Archiver > Listowners > 2002-03 > 1015015629


From: "Kurt Pickering" <>
Subject: [LO] Affiliates
Date: Fri, 01 Mar 2002 14:47:14 -0600


"More or less offensive." Followed by a lecture on the profit motive.

That's pretty funny - because I'm, as anyone who knows me will tell you, a
free-enterprise Adam Smither.

While I'm blowing assumptions, lemme blow another: I'm sure you think I'm
one of those folks who think all genealogy on the internet should be free.
Well, I have been an Ancestry.com subscriber for three years now. When a
service is being provided, there's nothing wrong with paying for it. I've
even recommended subscribing to it, privately, to people who solicited my
opinion as a List Administrator.

So why do I think Ancestry.com should allow us to use Ancestry.com's own
Affiliates program and earn the commission Ancestry.com OFFERS, using in the
process the lists WE created and which are there to serve as advertising
vehicles for Ancestry.com BECAUSE WE created them?

1) Because they offer it.

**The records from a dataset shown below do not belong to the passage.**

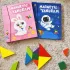 Set Tangram Magnetic Colorat pentru Copii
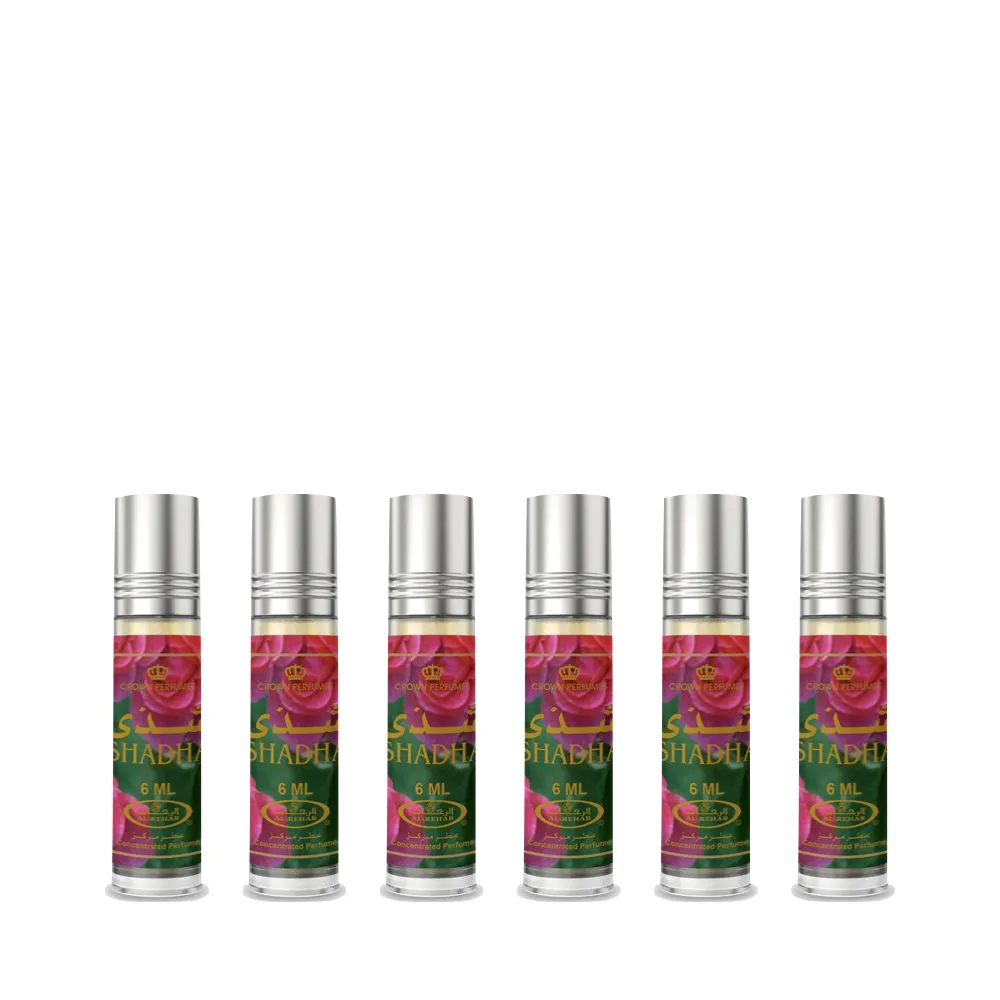 6-Pack Shadha Al-Rehab Oil Parfum 6ml - Arabic Dubai Perfumes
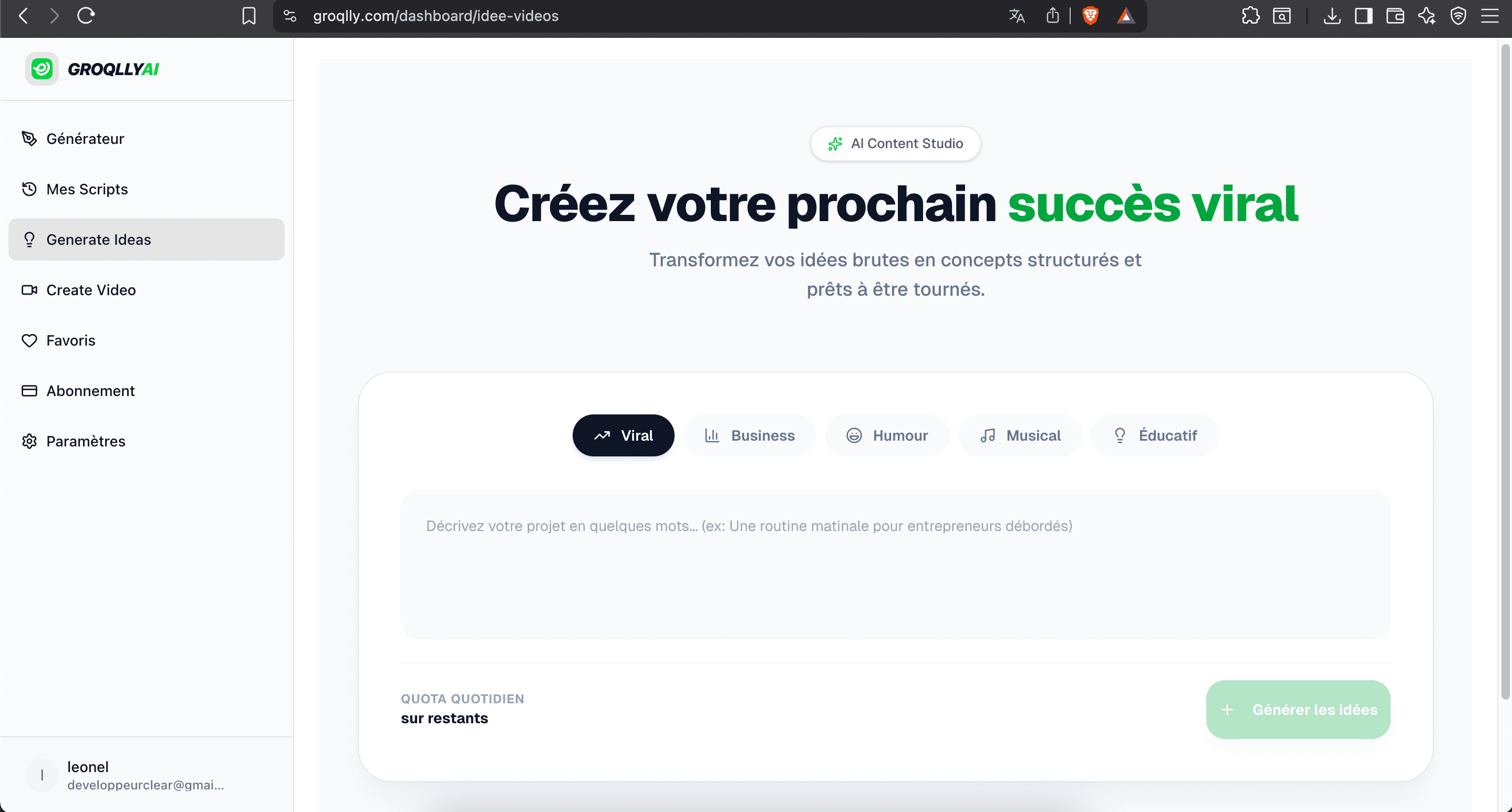 Groqlly Studio IA screenshot 2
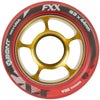 Bont-FXX-Vol11-Speed-63mm-96a-Wheels-Red-Wheel-Gold-Hub-Front-View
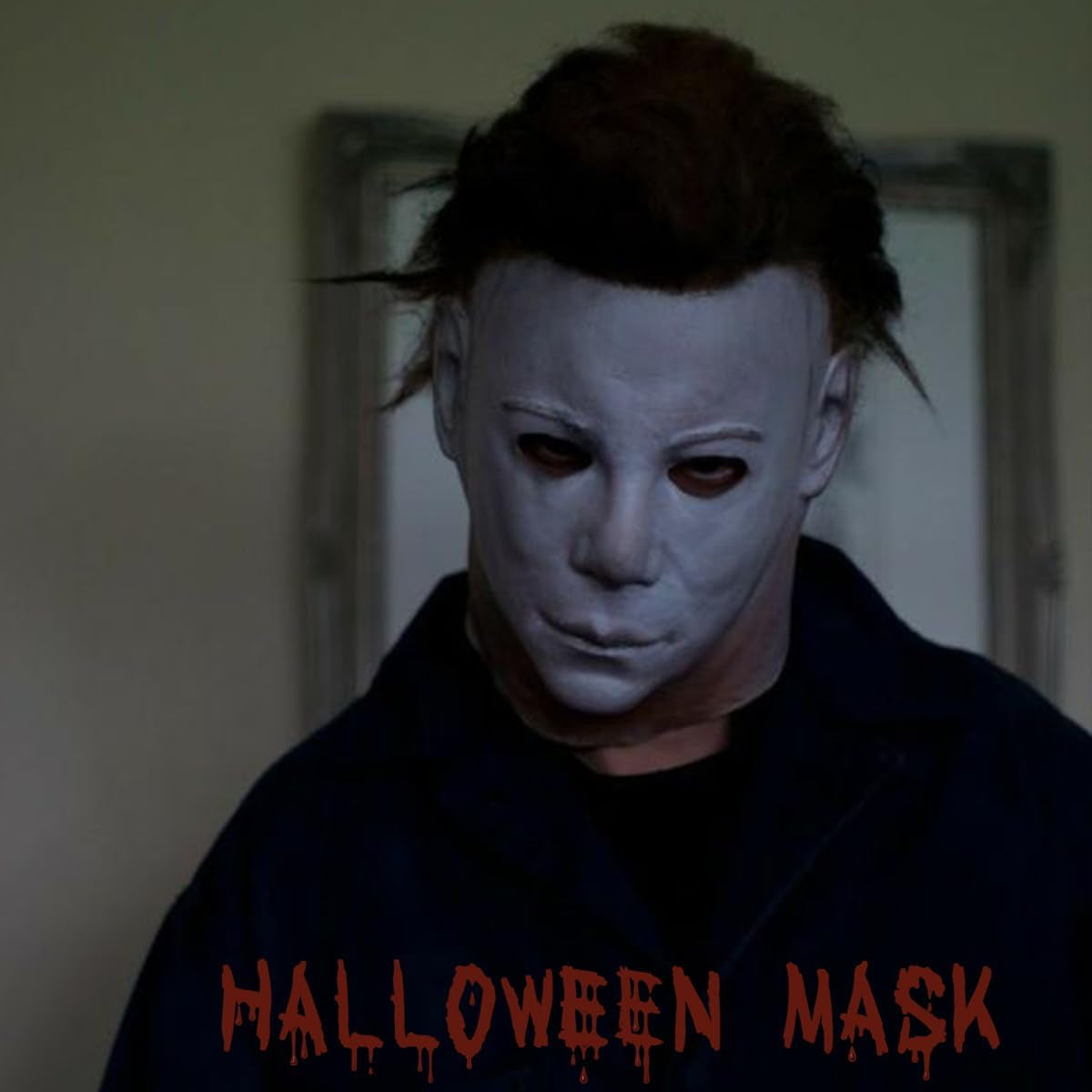 Halloween Michael Myers Mask 2024 Halloween Horror Cosplay Costume Scar Mask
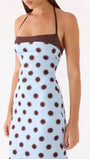 Gemma Polka Dot Maxi Dress - Fashion Pov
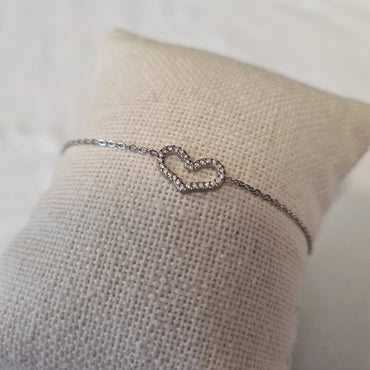 Armband Silber Herz
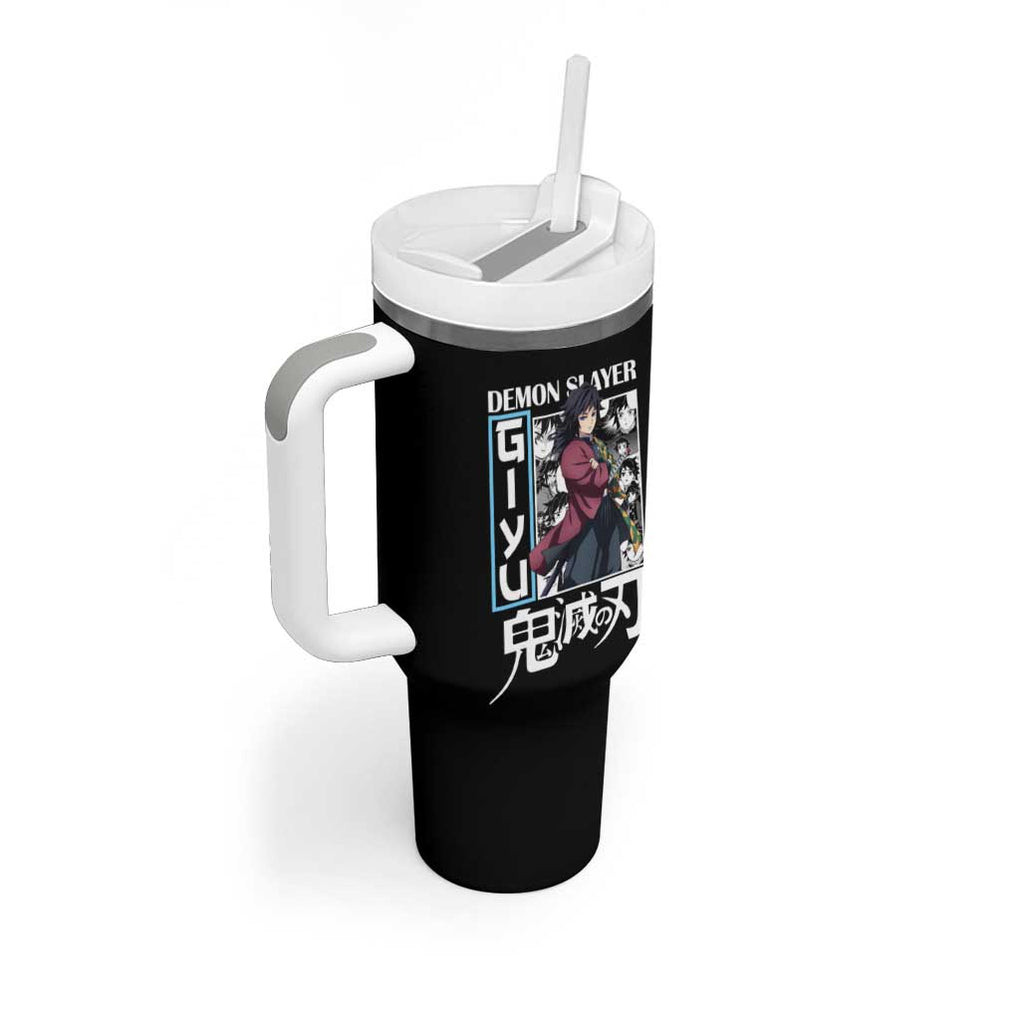 Giyu Tomioka V2 Demon Slayer Tumbler With Handle Anime Style
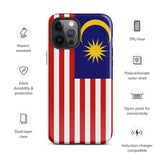 Funda para iPhone 15, 14, 13, 12, 11 Pro Max Plus Mini con bandera de Malasia, regalo de recuerdo de viaje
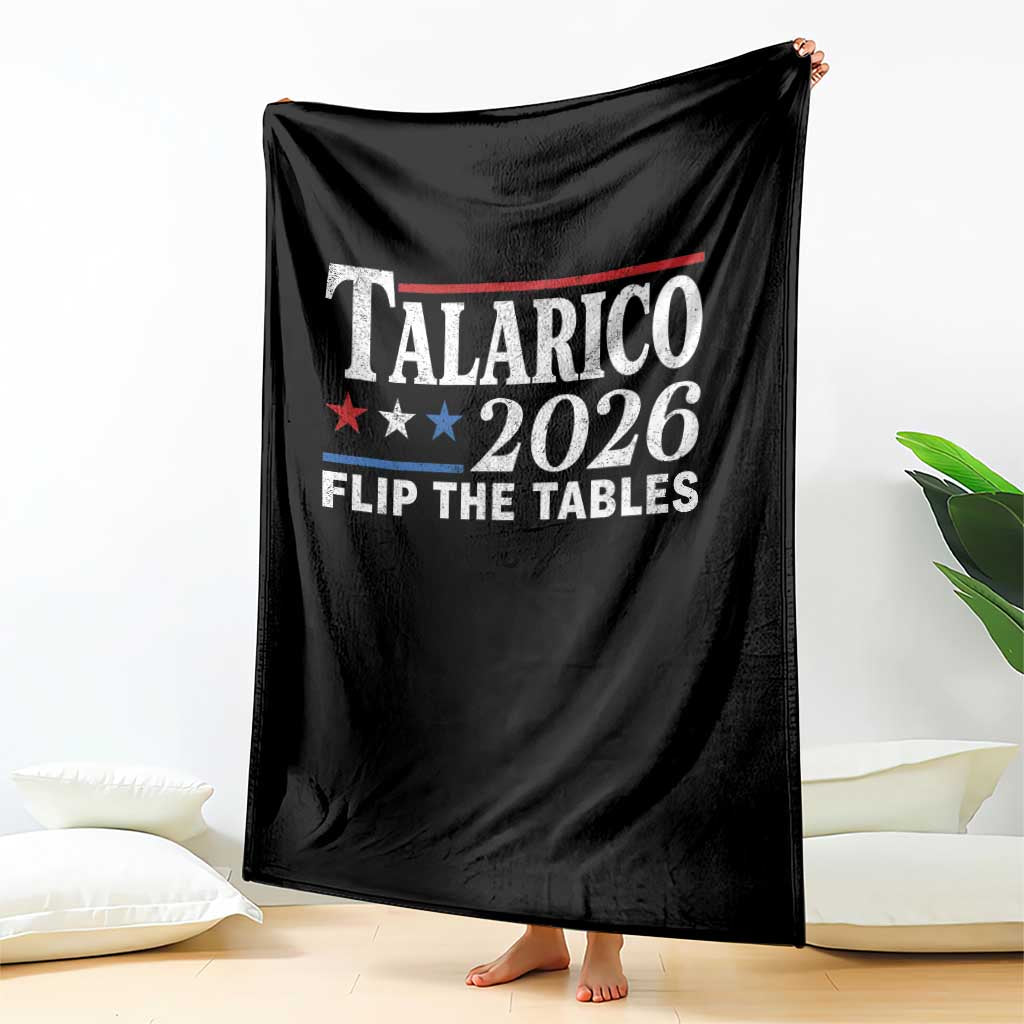 James Talarico 2026 Flip The Tables Throw Blanket Texas Senate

In so doing, they set the commission at a level
which allows them to retain enough profit to meet their goals. A cost of
doing business THEY find acceptable. Allowing us to do this will not drive
Ancestry.com out of business.

2) Because we create the lists, whether we "own" them or not. Without
them, clearly, Ancestry.com would be just a little weaker.

3) Because free enterprise's single most key component is synergism. I'm
not asking for any freebie here. Neither is Ancestry.com, given that I'm
sure RootsWeb's actual cash flow is still negative. But I go back to the
fact that this is an OFFERED commission: there's enough here for the
company and the list creators. Synergism. THAT's how free enterprise
works.

I'm going to add this, because when I'm wrong I admit it. I did go back and
check some old messages I had saved, to learn that indeed the subscription
footer link has been there for many months. I just never noticed it. (Gee,
how effective.) Obviously, I did only notice it because of my own idea.

Doesn't change the fact, though, that I thought up a pretty good idea only
to be told it's not allowed by people who are doing the very thing they're
not allowing. Bothers me ethically, Adam Smith or not. He and his system
are as much about teamwork as about competition.